Re: PCnet / FAST III

Post by ronaldlees »

doga-1494 wrote:i don't know what PCnet & FAST III is exactly.
i'm gonna google it and try to get web page and show it in notepad at least. then i can re-start working on web browser
Hi doga-1494

Sorry I haven't gotten back to you. I've been spending a lot of time on other forums (latest thing for me is Rust development).

Anyway - Lance is the oldest AMD ethernet controller family, put out in 1985. It used the AMD7990 controller chip. The PCNet family used approximately the same architecture, but in a more integrated design, and used chips like AM79c961 (PCNet-ISA) and AM79c971 (PCNet-FAST). Then there were several incantations of FAST (I, II, III). So - it's the family the original AM7990 started, with improved chips in the PCNet series, and (I think) some others as well.

I'm sure that Andy can give you a better idea about it, and maybe he can correct me if I have the lineage wrong in some way.

Great idea about the browser.

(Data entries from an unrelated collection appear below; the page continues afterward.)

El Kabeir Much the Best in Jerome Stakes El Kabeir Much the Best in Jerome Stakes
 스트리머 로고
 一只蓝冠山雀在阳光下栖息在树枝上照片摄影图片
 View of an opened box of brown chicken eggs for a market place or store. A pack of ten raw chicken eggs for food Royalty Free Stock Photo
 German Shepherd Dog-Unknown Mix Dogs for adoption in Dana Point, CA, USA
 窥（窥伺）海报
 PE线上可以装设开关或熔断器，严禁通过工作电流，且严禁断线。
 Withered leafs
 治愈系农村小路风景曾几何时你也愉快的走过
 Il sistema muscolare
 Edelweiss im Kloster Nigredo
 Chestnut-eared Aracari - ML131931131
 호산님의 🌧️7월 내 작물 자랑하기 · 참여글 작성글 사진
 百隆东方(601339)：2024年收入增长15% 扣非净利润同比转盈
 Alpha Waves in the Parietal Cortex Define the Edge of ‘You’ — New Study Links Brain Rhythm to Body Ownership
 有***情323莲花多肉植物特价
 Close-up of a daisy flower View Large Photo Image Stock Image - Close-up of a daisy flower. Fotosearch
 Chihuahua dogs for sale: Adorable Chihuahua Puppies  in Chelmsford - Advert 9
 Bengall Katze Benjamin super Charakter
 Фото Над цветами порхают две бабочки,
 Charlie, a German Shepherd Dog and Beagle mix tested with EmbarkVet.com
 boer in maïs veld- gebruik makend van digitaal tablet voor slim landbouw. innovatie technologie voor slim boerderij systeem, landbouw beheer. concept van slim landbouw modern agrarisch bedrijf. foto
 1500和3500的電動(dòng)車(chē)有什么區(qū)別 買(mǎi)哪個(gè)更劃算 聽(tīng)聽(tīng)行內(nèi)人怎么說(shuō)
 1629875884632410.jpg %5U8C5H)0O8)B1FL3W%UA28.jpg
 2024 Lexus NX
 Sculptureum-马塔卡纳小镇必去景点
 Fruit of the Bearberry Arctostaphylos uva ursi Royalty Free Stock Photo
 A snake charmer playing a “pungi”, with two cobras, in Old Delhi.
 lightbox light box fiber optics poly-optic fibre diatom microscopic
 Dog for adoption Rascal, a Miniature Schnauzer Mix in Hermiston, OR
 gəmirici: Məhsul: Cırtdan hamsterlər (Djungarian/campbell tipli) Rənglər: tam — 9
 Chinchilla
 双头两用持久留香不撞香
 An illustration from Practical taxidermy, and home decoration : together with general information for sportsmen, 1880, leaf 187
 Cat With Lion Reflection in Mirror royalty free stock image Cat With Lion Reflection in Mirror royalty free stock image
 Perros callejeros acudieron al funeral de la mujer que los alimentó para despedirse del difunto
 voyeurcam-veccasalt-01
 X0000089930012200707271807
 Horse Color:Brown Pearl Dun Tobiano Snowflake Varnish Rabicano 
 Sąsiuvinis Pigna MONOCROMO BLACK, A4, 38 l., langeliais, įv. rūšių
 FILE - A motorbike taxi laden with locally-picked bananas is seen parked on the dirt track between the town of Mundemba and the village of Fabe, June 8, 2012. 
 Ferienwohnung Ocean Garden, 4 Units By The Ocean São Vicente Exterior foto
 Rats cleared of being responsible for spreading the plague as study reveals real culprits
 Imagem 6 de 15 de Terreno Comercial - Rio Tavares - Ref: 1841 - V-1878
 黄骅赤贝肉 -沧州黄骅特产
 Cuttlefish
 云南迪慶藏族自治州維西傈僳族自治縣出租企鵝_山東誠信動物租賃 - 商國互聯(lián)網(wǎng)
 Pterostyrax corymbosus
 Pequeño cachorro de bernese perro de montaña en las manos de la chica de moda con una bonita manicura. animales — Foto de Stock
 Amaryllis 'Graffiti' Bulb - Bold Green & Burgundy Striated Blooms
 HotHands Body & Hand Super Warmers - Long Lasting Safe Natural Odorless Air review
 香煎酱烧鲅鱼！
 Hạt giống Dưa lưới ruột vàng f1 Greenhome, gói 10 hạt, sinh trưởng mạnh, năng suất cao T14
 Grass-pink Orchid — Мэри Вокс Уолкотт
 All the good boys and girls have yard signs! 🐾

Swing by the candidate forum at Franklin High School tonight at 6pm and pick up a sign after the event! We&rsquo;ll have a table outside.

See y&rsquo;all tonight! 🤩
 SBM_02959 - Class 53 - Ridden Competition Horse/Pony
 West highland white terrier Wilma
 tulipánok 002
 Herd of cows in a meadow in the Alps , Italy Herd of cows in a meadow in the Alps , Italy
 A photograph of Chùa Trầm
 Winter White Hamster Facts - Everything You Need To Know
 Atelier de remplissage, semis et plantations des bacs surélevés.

That means you'll either build out a TCP/IP stack, or make a dedicated piece of software built around the driver. Which are you thinking about? Or something different? Hey - you could port Rust over to VisOpSys and build your browser with it! LOL. Mozilla is probably going to use Rust for their next gen browser families ( see https://programmingmiscellany.wordpress.com ). It's a C/C++ like language, and just as fast, but with guards against memory mismanagement. Theoretically.

You could just build up a little network code tightly wrapped to the NIC driver, AKA nginx style. If you layered your browser code correctly, you could switch over to the full blown TCP/IP stack when it became available.